A fair answer must hold the other side.

  • Services are real, durable earnings. India’s IT, business and professional-services exports are genuine foreign-exchange earners that have repeatedly cushioned the current account. Dismissing them as a weakness ignores a genuine national strength.
  • Deindustrialisation may be overstated. Some economists, studying the major manufacturing states, argue that significant premature deindustrialisation has not actually occurred in India, and that the sluggishness lies more in structural transformation than in any outright decline.
  • Leapfrogging may be feasible in a digital age. Tradable digital services, including global capability centres, may allow India to capture high-value work without first building a vast factory base, in a way nineteenth-century economies could not.
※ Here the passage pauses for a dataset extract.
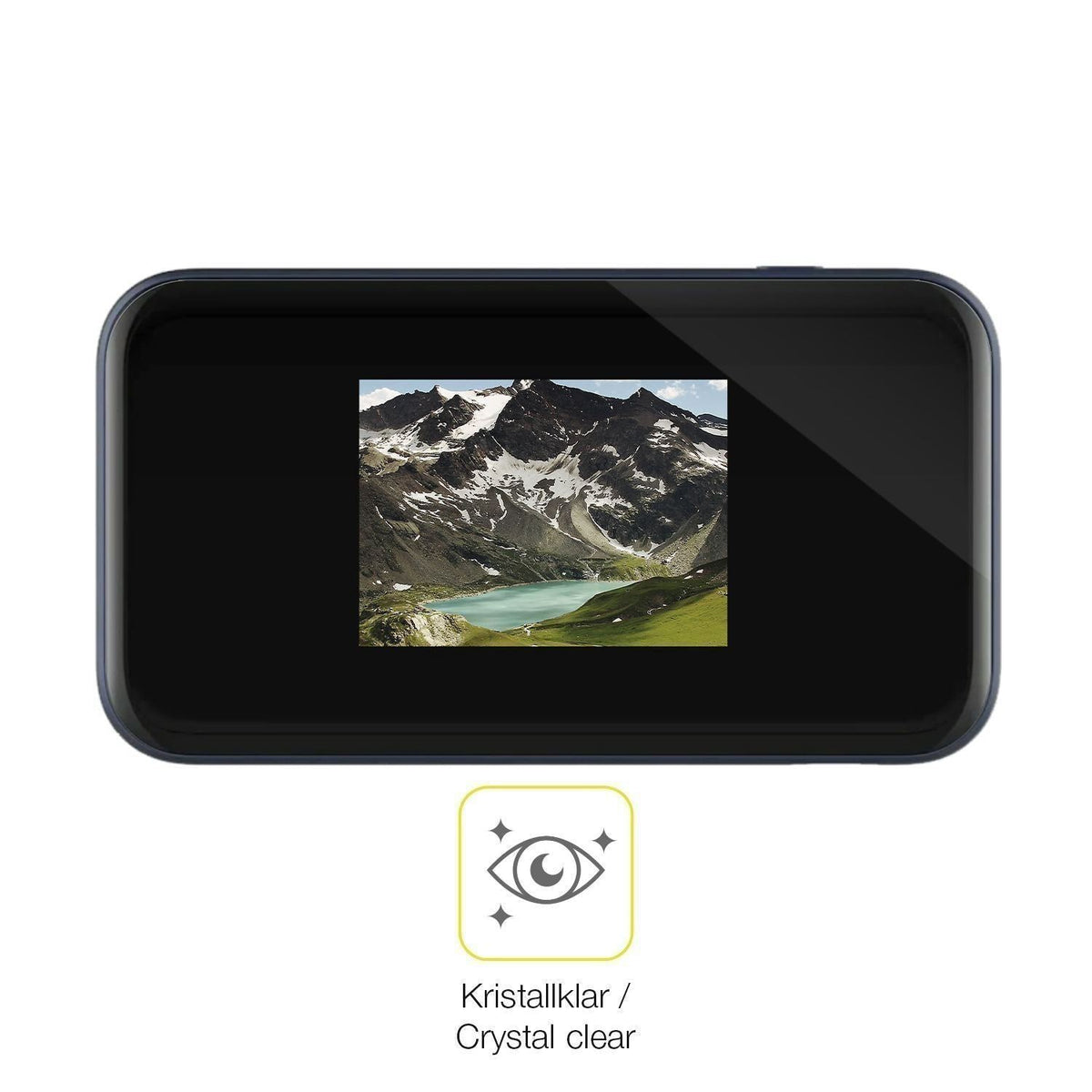 2x 3D Full Cover Schutzfolie für ZTE MU5002 (5)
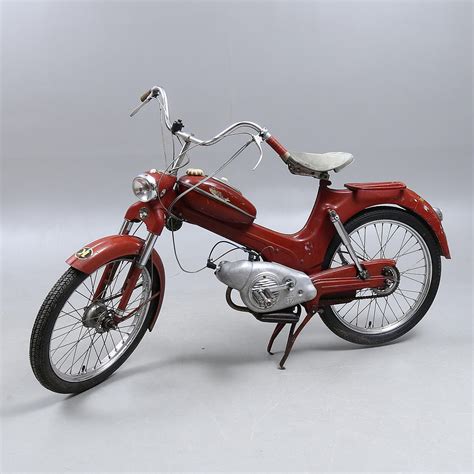 MOPED PUCH MS 50 L Fordon Båtar Delar Mopeder Auctionet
The honest position is that services strength and manufacturing weakness are both true at once, and the policy task is to fix the second without sacrificing the first.

Way Forward

  • Broaden and refine PLI. Extend incentives to more labour-intensive sectors and tie them to genuine domestic value addition, not just final assembly of imported parts.
  • Cut the cost of doing business. Lower logistics, power and compliance costs so Indian manufacturing is globally competitive on its own merits.
  • Seize China-plus-one deliberately. Court relocating supply chains with stable policy, land and skilled labour, aiming for the higher-value segments of global value chains.
  • Skill the workforce. Match training to manufacturing and tradable-services demand so the young workforce can actually fill the jobs created.
  • Treat the two as complements. A strong services sector can finance and serve a deepening manufacturing base; the goal is two engines, not a contest between them.

UPSC Relevance

  • GS3 (Economy and External Sector): export composition, trade deficit, value addition, manufacturing policy, employment and growth.
  • Prelims facts: Make in India 25 percent GVA target; current manufacturing share around 17 percent; PLI schemes; meaning of premature deindustrialisation and the middle-income trap.
  • Mains angle: evaluate whether services-led growth can substitute for manufacturing-led growth in a large, young economy, and the policy mix needed to deepen the factory base.

PYQ Linkage

  • “Industrial growth rate has lagged behind in the overall growth of Gross-Domestic-Product (GDP) in the post-reform period.” Give reasons. (GS3, 2017)
  • “Account for the failure of the manufacturing sector in achieving the goal of labour-intensive exports… Suggest measures for more labour-intensive rather than capital-intensive exports.” (GS3, 2017)
  • “Examine the role of ‘Mini Ratna’, ‘Navratna’ and ‘Maharatna’ schemes… in improving the efficiency of the manufacturing sector.” (adapt the manufacturing-policy framing to recent editorials.)

Facts Corner

  • Total exports 2025-26: record of roughly $863 billion, up about 4.6 percent on the previous year.
  • Services exports: about $421 billion, up roughly 8.7 percent.
  • Merchandise exports: about $442 billion, up under 1 percent.
  • Imports: about $980 billion, growing faster than exports and widening the overall deficit.
  • Manufacturing share of GVA: around 17 percent, against the 25 percent Make in India target.
  • Key concepts: premature deindustrialisation, global value chains, China-plus-one, PLI schemes, middle-income trap, jobs-intensity of manufacturing versus services.